If we analyze the previous example more, we can easily conclude that even if we identified all the parties and the consequences caused to them, how can we measure the weight of the consequences? It’s not easy to compare the benefit of cheap energy to the harm it causes to the nature. Which one is more important? Can the nature be harmed if we managed to produce enough energy for a small village for a year with the peat? What about if we could produce electricity for a big city or an entire state with the peat of one swamp? How much electricity is enough to justify depriving those poor little animals from their homes?
Consequentialism tries to maximize gain and minimize loss. In order to assess how meaningful the gains are in relation to the losses, it boils down to personal values. Which one is more important: cheap electricity or intact nature? And what about the timespan? Electricity lasts for an ephemeral moment, while the damage done to the biodiversity takes long to recover.
Rule based ethics
Rule based approach doesn’t take the consequences into account at all. People not freezing in their houses because of peat powered electricity and animals losing their habitat is completely irrelevant. What counts more are existing rules governing the decision we are to make. If there’s a law about it, following it is the ethical way to do things. This is really something you would wish all governmental offices to follow.
In rule based ethics the rules are same for everyone, universally. They don’t depend on the situation. The problem is that it’s difficult to change the rules, and as we all know, there are a lot of laws that are unfair, usually at least towards one group of people. In those cases, following the rules blindly isn’t necessarily a good thing. Furthermore, if ethics is always defined by the rules, then questioning them becomes harder and harder.
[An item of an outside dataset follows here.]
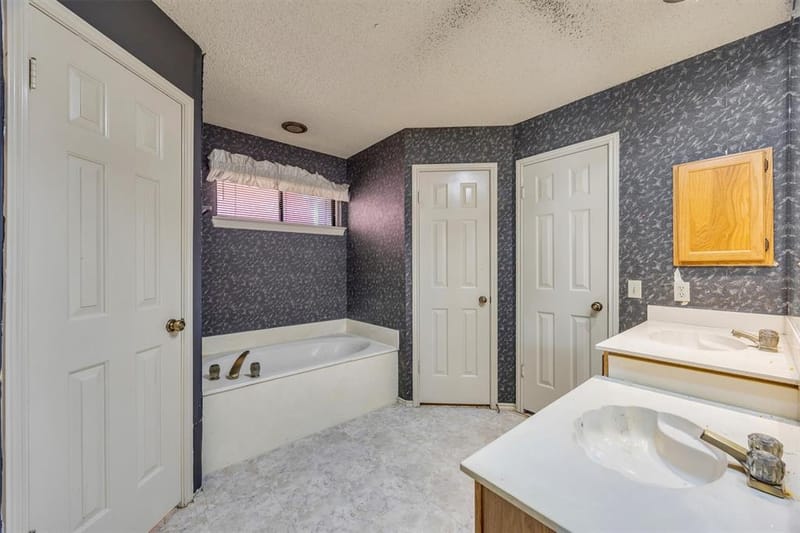 308 Clear Springs Drive, Mesquite TX 75150 - Photo 21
The deepest question in virtue ethics is: who do I want to be? Finding out your own deepest values and aligning your actions and decisions so that they will all follow these core values is what virtue ethics is all about. It’s also important to ask why. In virtue ethics, two different actions that would be either right or wrong from the point of view of the two other approaches to ethics, can both be right depending on the reason why they were taken. Not telling the truth might be justifiable if telling it would hurt the other person’s feelings, for example.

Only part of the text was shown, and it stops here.